Quasi 20 ans plus tard, le 21 Juillet 1969, Neil Armstrong prononcera ces mots : "Un petit pas pour l'homme, un grand pas pour l'humanité !" Etonnant, non ?...
On a dit tellement de choses sur ces deux albums, on les a tellement décortiqués que ce qu'il y a de mieux à faire, ami lecteur, est de les (re)lire. Imaginée par "un monsieur qui dessine", cette extraordianire odyssée spatiale est vécue au quotidien, dans ses tous petits détails, sans grandiloquence aucune.
On est loin des space opera hollywoodiens "à la Star Wars" mais c'est tout aussi prenant... et beaucoup plus comique !
Une histoire majeure dans la Bande Dessinée.
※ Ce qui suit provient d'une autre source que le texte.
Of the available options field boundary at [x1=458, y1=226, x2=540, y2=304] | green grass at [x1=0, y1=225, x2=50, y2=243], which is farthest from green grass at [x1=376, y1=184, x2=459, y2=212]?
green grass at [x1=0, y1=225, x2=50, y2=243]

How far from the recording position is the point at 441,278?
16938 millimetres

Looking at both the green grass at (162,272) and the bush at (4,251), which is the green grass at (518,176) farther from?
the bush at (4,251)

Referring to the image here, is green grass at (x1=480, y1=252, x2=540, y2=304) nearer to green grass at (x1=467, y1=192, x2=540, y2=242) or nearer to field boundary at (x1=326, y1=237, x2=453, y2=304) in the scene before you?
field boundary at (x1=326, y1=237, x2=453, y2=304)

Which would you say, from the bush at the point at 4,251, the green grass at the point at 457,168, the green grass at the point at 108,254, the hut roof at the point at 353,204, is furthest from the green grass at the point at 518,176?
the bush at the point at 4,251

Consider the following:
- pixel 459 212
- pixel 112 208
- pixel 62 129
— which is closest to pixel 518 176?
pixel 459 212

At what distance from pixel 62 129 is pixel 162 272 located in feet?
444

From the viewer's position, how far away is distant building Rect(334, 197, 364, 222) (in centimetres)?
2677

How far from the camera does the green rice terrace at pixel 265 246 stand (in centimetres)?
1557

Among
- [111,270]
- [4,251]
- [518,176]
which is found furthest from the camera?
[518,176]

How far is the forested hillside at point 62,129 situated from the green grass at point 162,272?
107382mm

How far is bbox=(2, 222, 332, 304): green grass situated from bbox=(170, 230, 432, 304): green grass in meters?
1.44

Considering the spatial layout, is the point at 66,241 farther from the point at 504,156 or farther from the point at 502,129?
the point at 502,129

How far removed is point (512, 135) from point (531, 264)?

Incontournable. A posséder !
Mon "Tintin" préféré ... regardez moi cette couverture !!!!!!!!
Avec un mythe comme ça, on n'est plus dans le rationnel mais dans l'affectif.
J'adore Tintin, c'est inexplicable ... mais cet album m'a emmené pile là où je voulais aller.
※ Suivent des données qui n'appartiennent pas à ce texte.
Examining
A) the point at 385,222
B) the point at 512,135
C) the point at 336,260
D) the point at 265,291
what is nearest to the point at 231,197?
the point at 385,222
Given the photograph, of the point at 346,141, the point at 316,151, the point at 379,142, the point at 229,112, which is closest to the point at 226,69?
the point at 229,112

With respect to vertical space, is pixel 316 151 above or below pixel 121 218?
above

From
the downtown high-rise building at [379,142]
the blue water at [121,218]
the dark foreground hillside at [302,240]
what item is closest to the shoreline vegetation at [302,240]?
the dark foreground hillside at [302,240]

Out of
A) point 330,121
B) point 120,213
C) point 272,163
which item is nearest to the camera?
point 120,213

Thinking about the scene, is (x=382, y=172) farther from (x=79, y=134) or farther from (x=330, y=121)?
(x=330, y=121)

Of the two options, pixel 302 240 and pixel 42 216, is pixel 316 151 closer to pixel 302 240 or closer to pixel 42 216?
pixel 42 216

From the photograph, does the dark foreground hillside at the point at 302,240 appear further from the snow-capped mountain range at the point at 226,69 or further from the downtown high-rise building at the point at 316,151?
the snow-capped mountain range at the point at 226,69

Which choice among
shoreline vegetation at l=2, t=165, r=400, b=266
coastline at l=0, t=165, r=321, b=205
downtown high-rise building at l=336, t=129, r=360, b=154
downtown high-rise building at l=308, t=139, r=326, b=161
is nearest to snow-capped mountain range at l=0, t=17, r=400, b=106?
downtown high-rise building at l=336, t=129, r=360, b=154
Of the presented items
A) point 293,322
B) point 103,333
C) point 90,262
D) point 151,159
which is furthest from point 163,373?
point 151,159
Petit, j'ai lu "De la Terre à la Lune" de Jules Vernes des dizaines de fois ... Hergé a su mettre en image ce que j'imaginais : c'est beau, réaliste et bien documenté ...
Au niveau du scénario, c'est également parfait : de l'humour (vive Haddock, les Dupond/t, Tournesol ...), du suspense, des rebondissements et de l'émotion (ah Wolf !!!!) ...
Pour moi sans conteste le point d'orgue de la série, l'album qui a pour moi élevé la série au rang de mythe. J'ai une nette préférence pour les dyptiques des aventures de Tintin (Les 7 boules de cristal/Le temple du soleil, Objectif lune/On a Marché sur la lune), et force est d'avouer que là Hergé s'est surpassé.
15 ans avant Appollo 11 et les premiers pas de l'homme sur l'astre lunaire, Hergé propulse son héros de toujours à travers le ciel. La série prend une tournure SF pour 2 albums donc, mais cette tournure ne se fait pas de manière irréfléchie. Hergé s'est longtemps documenté sur la technologie de son époque avant de se lancer dans l'écriture de cet album.
L'histoire mèle donc exploration spatiale, enquête policière, retournement de situation, personnages récurrents de la série et bourdes des duponts. En bref on est à nouveau plongé dans l'univers de Tintin que nous connaissons si bien. Mais Hergé montre icic qu'il sait aussi sortir des sentiers battus et aborder des sujets auxquels il ne nous avait pas habitué.
Le dessin est dans la continuité des précédents albums, cette ligne claire qui a aujourd'hui fait école, mais Hergé fait preuve d'une certaine dexterité sur les paysages lunaires, ce qui joue beaucoup à poser l'ambiance de cet album.
N'hésitez plus, si ce n'est pas déjà fait, montez avec Tintin dans la fusée au damier rouge et blanc et allez marcher sur la lune.